Lorsque l’on s’informe un peu sur le test de Q.I., on est bien étonné. On lit dans une série de sources d’informations que ce test si populaire est très discuté dans le milieu scientifique et psychologique et qu’on ne sait pas exactement ce qu’il mesure et ce qu’il recouvre [1].


Le test Q.I. est une évaluation intellectuelle et psychologique quantitative, constituée d’une série de questions auxquelles le testé doit répondre en un temps donné. Les réponses au test permettront de définir le quotient intellectuel, qui sera surtout un classement d’un individu par rapport à une population donnée. Il renseignera ainsi sur son écart par rapport à la norme. Ce test est un des résultats d’une impulsion des débuts de la psychologie scientifique et des premiers test mentaux (fin du 19ème et début du 20ème siècle), lorsque de nombreux chercheurs s’intéressaient à la mesure de l’intelligence. C’est aussi à cette époque qu’est apparu le débat -curieusement non encore disparu- sur l’intelligence innée ou acquise.


Limites et critiques


On dit que le Q.I. mesure l’intelligence [2]... Mais qu’est ce-que l’intelligence ? Ce que le test mesure n’est en fait pas l’intelligence à proprement dit, car ce concept est trop difficile à définir, recouvre des aspects trop nombreux et fait appel à des capacités trop diverses (il n’y a toujours pas de consensus autour de la définition même de l’intelligence). Il mesure plutôt l’habileté à effectuer des analyses numériques, géométriques, et des analyses de forme abstraite. Il faut aussi faire attention en ce qui concerne certaines « croyances » : certains s’imaginent que le test du quotient intellectuel ne mesure que des qualités d’intelligences innées. Or ce n’est pas le cas, il faut savoir que l’intelligence d’un enfant ou d’un adulte relève plus de son expérience personnelle que d’un « bagage intellectuel » inné.

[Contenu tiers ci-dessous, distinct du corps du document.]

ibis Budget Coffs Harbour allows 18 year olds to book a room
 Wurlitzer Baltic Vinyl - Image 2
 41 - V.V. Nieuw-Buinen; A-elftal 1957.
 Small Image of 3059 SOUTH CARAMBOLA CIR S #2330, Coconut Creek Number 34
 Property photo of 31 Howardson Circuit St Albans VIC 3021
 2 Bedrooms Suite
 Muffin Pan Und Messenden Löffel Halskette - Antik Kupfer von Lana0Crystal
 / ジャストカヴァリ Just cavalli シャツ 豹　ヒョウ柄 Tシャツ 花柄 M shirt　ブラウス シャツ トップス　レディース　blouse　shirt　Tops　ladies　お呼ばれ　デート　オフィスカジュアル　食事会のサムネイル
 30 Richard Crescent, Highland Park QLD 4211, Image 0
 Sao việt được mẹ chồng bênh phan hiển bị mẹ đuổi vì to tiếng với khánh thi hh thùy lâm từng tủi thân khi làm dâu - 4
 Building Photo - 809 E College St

Le Q.I. présente de nombreuses limites, dans la mesure où il évalue une certaine idée de l’intelligence. Il ne mesure pas l’ouverture d’esprit, la créativité, la capacité à aller plus loin que le problème pour le placer dans une perspective plus large (qui sont des éléments qui jouent un rôle important dans de nombreux travaux intellectuels). C’est ainsi qu’il ne peut mesurer le potentiel de personnes particulièrement douées, par exemple dans des domaines tels que la culture générale, la psychologie, la mémoire, etc.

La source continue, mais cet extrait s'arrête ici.